Introduced in 1947, 4767 was the first reference of the Datocompax, incorporating chronograph and complete calendar functions in a waterproof Oyster case. A calendar module was added on top of the Valjoux 72 based chronograph caliber and fitted inside the marque’s famous two-piece monobloc Oyster case with screw-down back, guaranteeing water resistance. Despite the juxtaposition of multiple complications, the case and particularly the dials were perfectly proportioned. Reference 5036 succeeded 4767 and was subsequently replaced by reference 6036 in 1951. Production of reference 6036 ended in 1957 and Rolex introduced 6236 in 1958, the last Datocompax reference, now in a three-piece case with detachable bezel and cased exclusively in steel. Production of the Oyster Datocompax ended in 1963 upon reference 6236’s discontinuation. Estimates of production numbers vary, but scholars believe approximately 1650 examples were produced in fifteen years, all four references combined, a tiny fraction of the many tens of thousands manual-wind Daytonas produced over a span of a quarter century after the discontinuation of the Oyster chronograph models. The Datocompax was made predominantly in steel, with fewer examples in yellow gold and rarest in pink gold. A variety of dial configurations were fitted, with either applied, printed, or recessed indices in different shapes. A few examples, up to early reference 6036s, can be found with signatures of past retailers such as Serpico Y Laino and Joyeria Riviera on the dials, making them highly sought after. To this day, the Datocompax remains the most complicated watch ever made by Rolex. High quality, well preserved examples are exceedingly difficult to find as most have had their cases over-polished, even refinished, and dials damaged or cleaned. The challenge for the serious collector lies in finding correct, original examples in the rarest configurations.
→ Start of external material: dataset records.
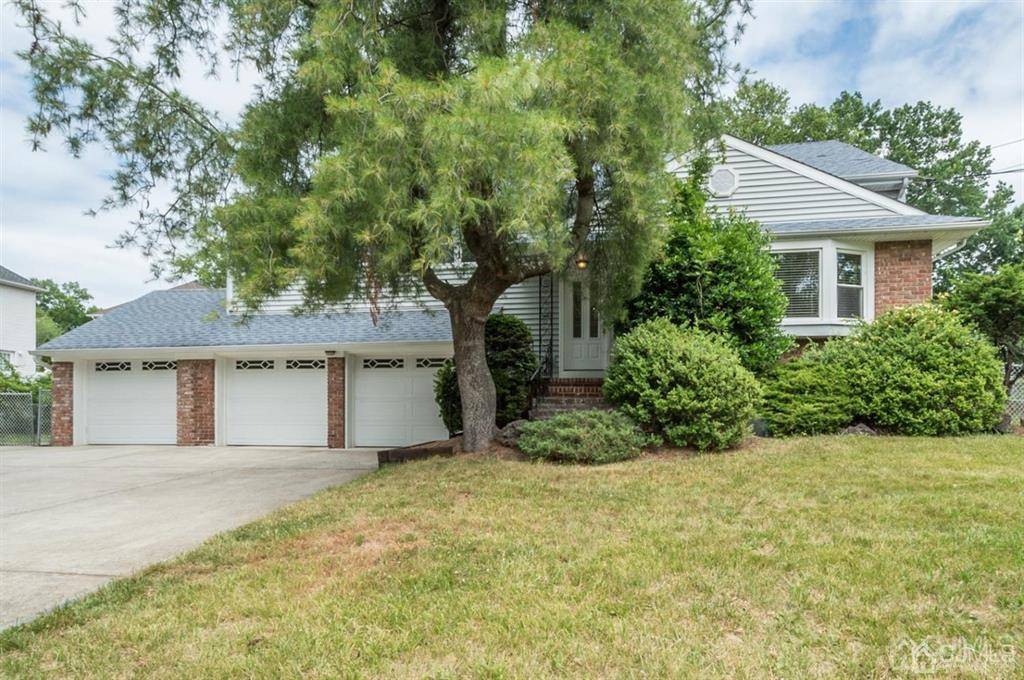 4 WHITEHALL AVE, Edison, NJ 08820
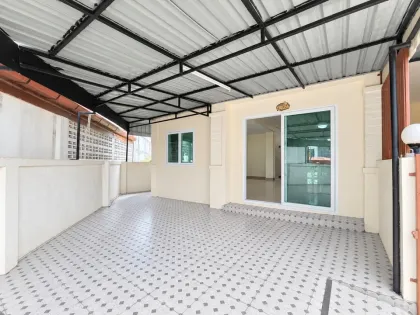 2-Zimmer-Eck-Townhouse im Srisuchart Village 3, Thalang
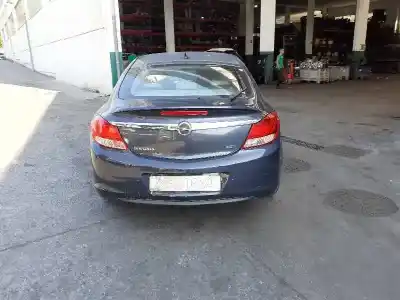 Véhicule à la ferraille opel insignia berlina cosmo de l'année 2010 alimenté a20dth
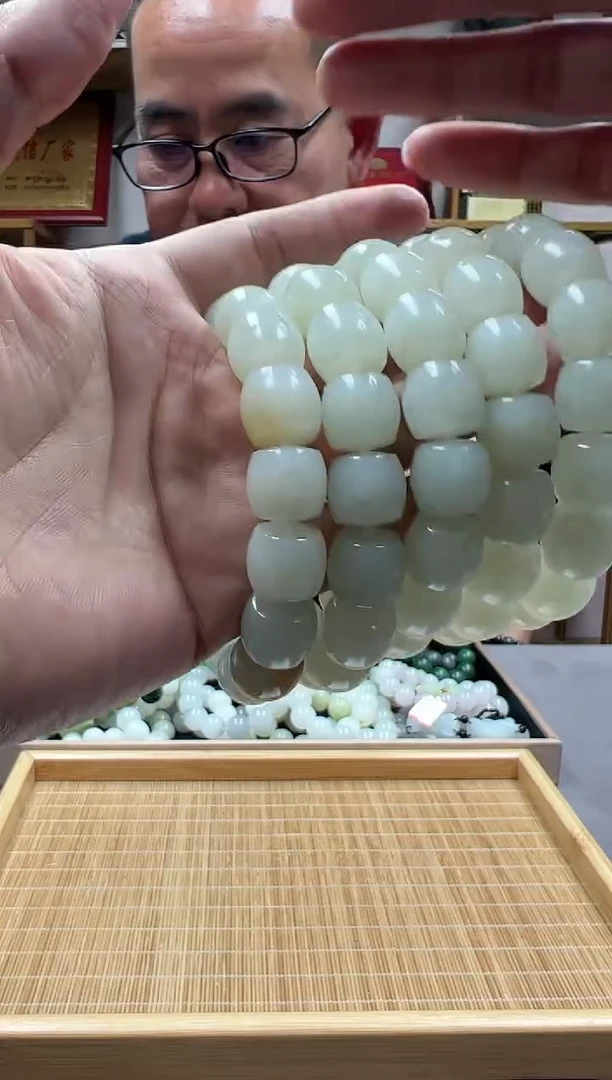 【闪购商品】和田玉手串未镶嵌16且末戈壁多样性发货·拍一发一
Debuting at the Basel Fair in 1950, reference 6062 was the world’s first self-winding wristwatch with complete calendar and moon phase in a waterproof case. The 6062 was a step-up from reference 8171, introduced one year prior, which houses the same self-winding triple date moon phase caliber in a non-waterproof snap back case. Unlike 6062, most 8171s did not have chronometer certified movements. In many ways, reference 6062 represents the epitome of Rolex’s watchmaking art: a complicated yet robust and accurate in-house-designed automatic movement sealed inside the iconic Oyster case, adorned by incredibly beautiful dials. About one thousand examples were believed to have been produced in the first half of the 1950’s with a variety of dial configurations, cased in yellow gold, steel, and pink gold, in ascending order of rarity. Those bearing dials with star-shaped indices were nicknamed “Stelline” by Italian collectors and became arguably the most beautiful and iconic complicated watch ever made by Rolex. An estimated 250 “Stelline” were made, the dials of which can be found with luminous plots either outside or inside applied star indices. Most of the yellow gold and all of the pink gold “Stelline” known have dials with luminous plots outside the star indices and “Officially Certified Chronometer” printed directly below the calendar windows. “Stelline” dials with luminous plots inside the star indices and more importantly, “Officially Certified Chronometer” printed below in the moon phase counter are considerably rarer and arguably more aesthetically balanced. Dials of yellow gold references 6062 can also be found with applied pyramid or dagger indices. Examples with black dials, found exclusively on yellow gold 6062s, are very rare, the most famous of which being the “Bao Dai,” which achieved a record price of CHF$5,066,000 at auction in 2017. Approximately 200 examples of the reference were made in steel, the dials of which are embossed with mixed arabic and dart shaped indices in either silver or gold color. Embossed dials of the same configuration in pink are occasionally found on the rare pink gold 6062. Like the Datocompax, very few 6062s have survived in good condition.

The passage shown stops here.